NASSAU CONSTRUCTION CO., INC., PLAINTIFF,
v.
PULTE HOMES, INC., PULTE HOMES HONORABLE JOSEPH E. IRENAS OF NEW JERSEY, LP, PULTE HOME CORPORATION, PULTE HOME CORPORATION OF THE DELAWARE VALLEY, AND PULTE HOMES OF PA, OPINION LIMITED PARTNERSHIP, DEFENDANTS.



The opinion of the court was delivered by: Irenas, Senior District Judge

Presently before the Court is Defendant Pulte Homes, Inc.'s ("Pulte Homes") Motion to Dismiss Count III of Plaintiff's Complaint.*fn1 (Docket No. 5.) The remaining named Defendants are alleged subsidiaries of Pulte Homes (the "Subsidiary Defendants").
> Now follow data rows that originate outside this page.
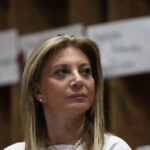 Η Μαρία Καρυστιανού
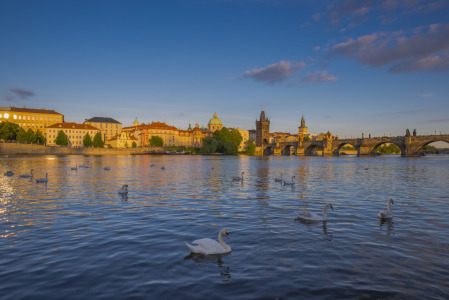 Bild-Nr: 11768220 Prag Erstellt von: Walter G. Allgöwer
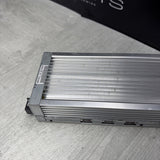 BMW E90 E92 E60 E63 328i 528i 330i 545i Logic BECKER TOP HIFI AMPLIFIER 9177752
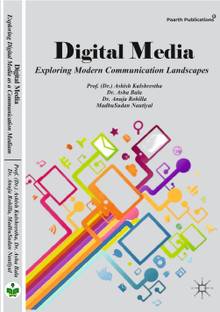 Digital Media: Exploring Modern Communication Landscapes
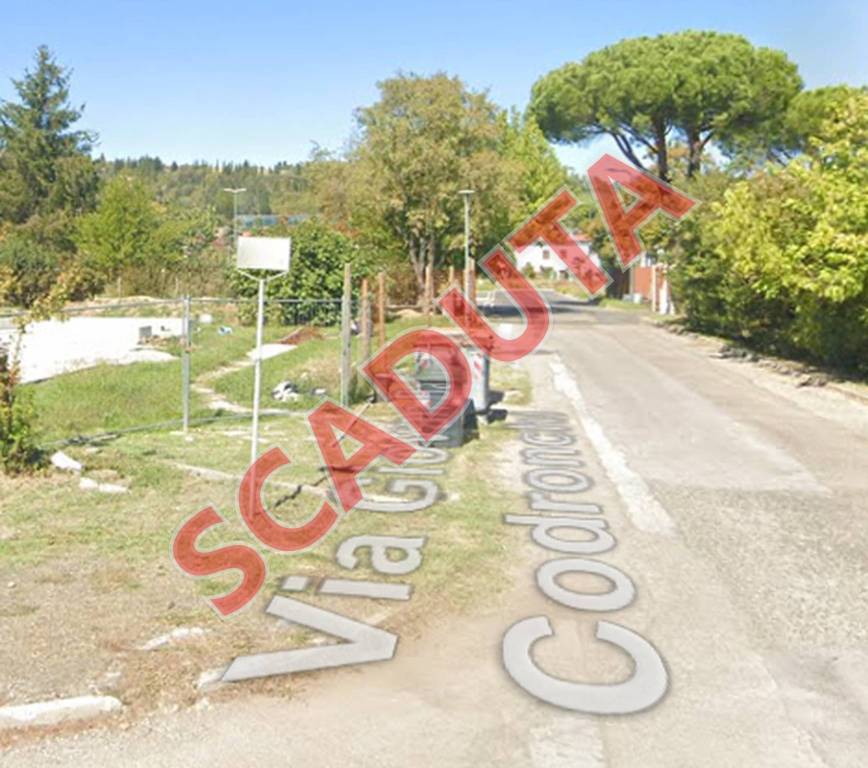 terreno edificabile in vendita a Riolo Terme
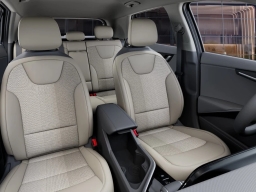 Kia Niro EX FWD 2026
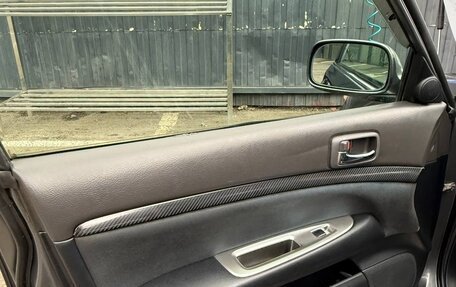 Toyota Mark II IX (X110), 2001 год, 1 300 000 рублей, 29 фотография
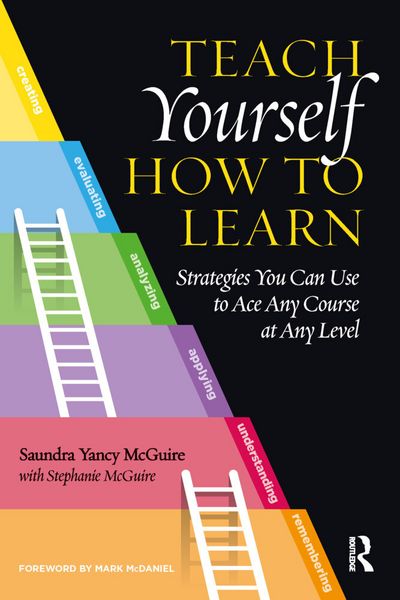 Produktbild: Teach Yourself How to Learn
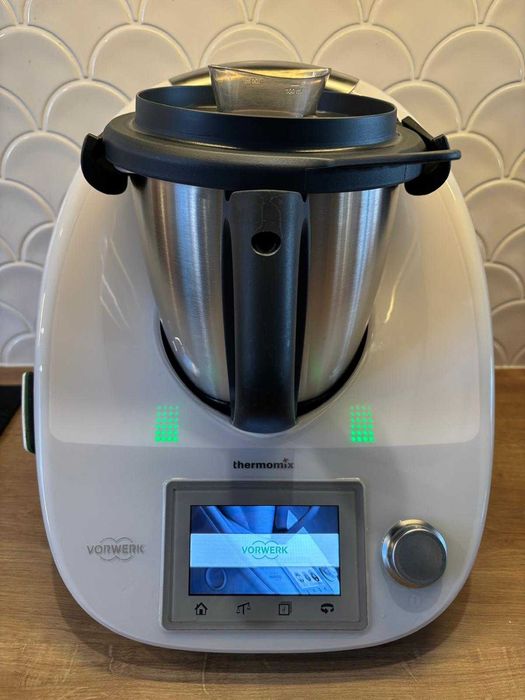 Thermomix TMX5 COOKIDOO stan bardzo dobry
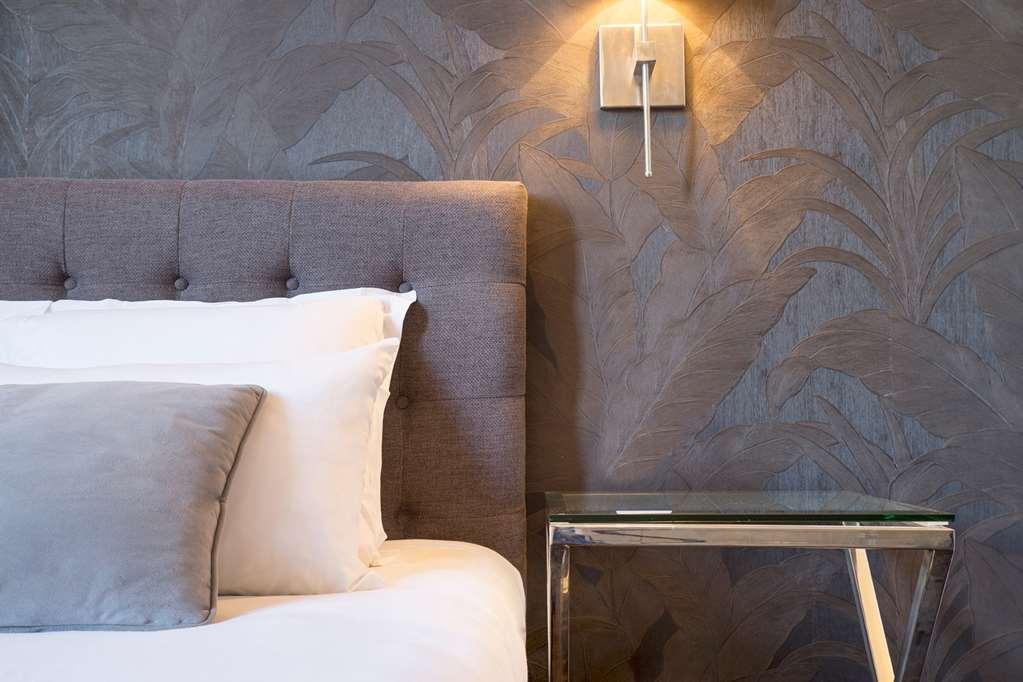 The Originals Boutique, Hotel Maison De L'Abbaye 안토니 시설 사진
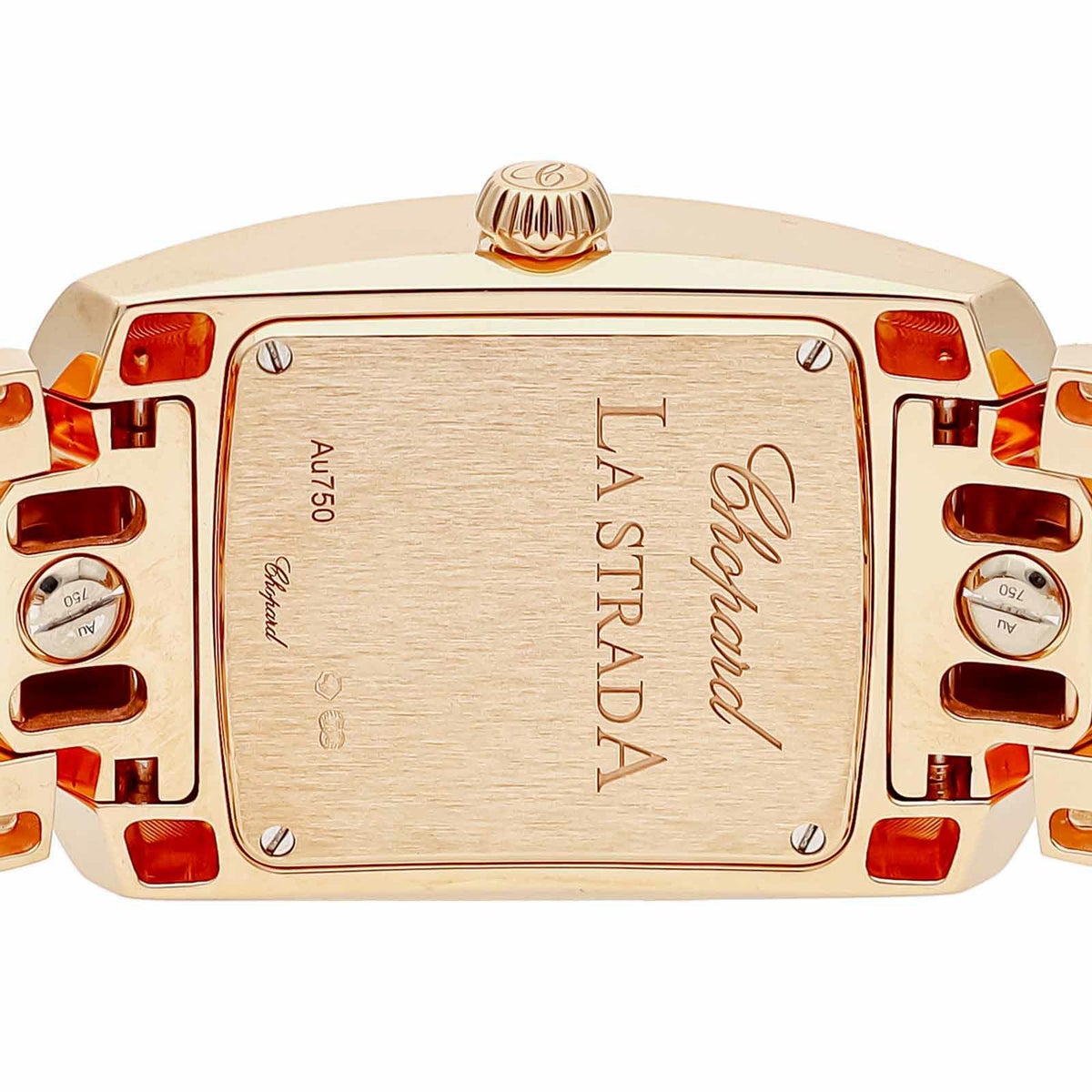 Chopard ショパール ラ ストラーダ / 419254-5001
In connection with Plaintiff Nassau Construction Co, Inc.'s ("Nassau") two breach of contract claims against the Subsidiary Defendants in Counts I and II of its Complaint, it seeks to pierce the corporate veil and hold Pulte Homes liable as the parent corporation in Count III. For the reasons set forth below, Pulte Homes' motion will be granted, though Nassau will have three weeks to move to vacate the dismissal and file an amended complaint.

I.

Nassau is a company that provides construction services to real estate developers such as Defendants. (Compl. ¶ 9.) Nassau and the Subsidiary Defendants allegedly entered into several contracts between February 18, 2002 and June 5, 2006. (Id. ¶ 10.) Nassau claims that it fully performed under each contract, but that the Subsidiary Defendants have failed to pay approximately $230,000 for construction services it performed. (Id. ¶¶ 11-12.) It further alleges that the Subsidiary Defendants have engaged in unilateral "charge backs," which it describes as "reduc[ing] the amount due to [Nassau] for the purported cost of remedying alleged defects in the construction work related to or provided by [Nassau]." (Id. ¶¶ 13-14.)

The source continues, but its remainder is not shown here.